Sure, he won. And the rest of us lost.
Just kidding. Last night was about one thing and one thing only, thanks to Will Smith‘s hand. Or more accurately, his impulse control: After weeks if not months of lead-up, the actor’s win was all but guaranteed; he had to have known when he walked into the Dolby Theater last night in Los Angeles that he was almost certainly walking out with a statuette for his lead performance in the very enjoyable biopic King Richard as the devoted, irascible father of two future tennis greats.
But the prospect of that triumph didn’t sufficiently thrill him, apparently. (Though he would more than claim his time once he got to the podium). Smith is a famously likable star, genial and charming and generally unflappable, so when Chris Rock dropped an innocuous if not particularly timely joke about Smith’s wife, Jada Pinkett Smith (G.I. Jane still lives somewhere on Roku, if you really want to find it), what happened next seemed at first like a planned skit or a technical glitch. Did ABC’s editing console just go dark?

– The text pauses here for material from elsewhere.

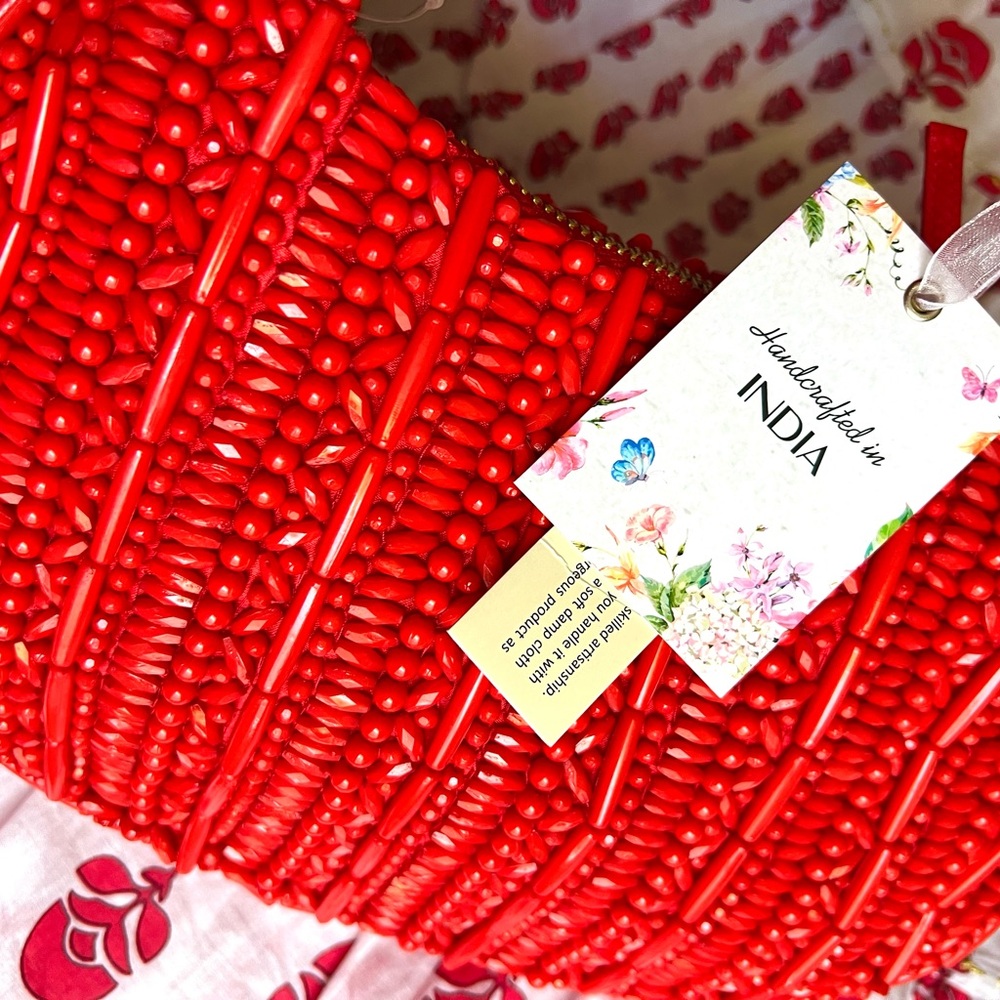 🍓🍒♥️Viral Red Beaded Stunning Women's Bag - Picture 2 of 6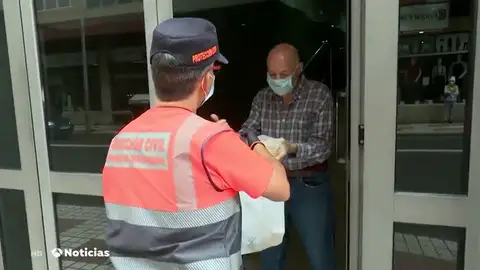 Colas para conseguir comida en Madrid durante la desescalada del coronavirus Colas para conseguir comida en Madrid durante la desescalada del coronavirus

Nope, it was the smack heard ’round the world, or at least on several continents with uninterrupted feeds. Smith had a prime seat in the room, as most Best Actor nominees would, though there were still a lot of steps from his chair to the stage. And at no part of that long walk did he seem to stop to reconsider his intent or the consequences of it. The result, of course, is that no one will speak again of the 2022 Oscars ceremony, or of any Oscars at all, without talking about The Slap.
And that’s a disservice to a lot of people, including pretty much everyone who won last night, from the recipients of eight awards that were relegated to a pre-show taping (for Sound, Editing, and Score, among other things that, you know, movies are made of), to the final prize of the night, for the gentle family drama CODA. Ariana DeBose and Jessica Chastain and Jane Campion and Questlove and Troy Kotsur and Kenneth Branagh all gave lovely and moving and memorable speeches. But is anyone lingering on those wins today, or even Timotheé Chalamet’s poor, cold clavicles?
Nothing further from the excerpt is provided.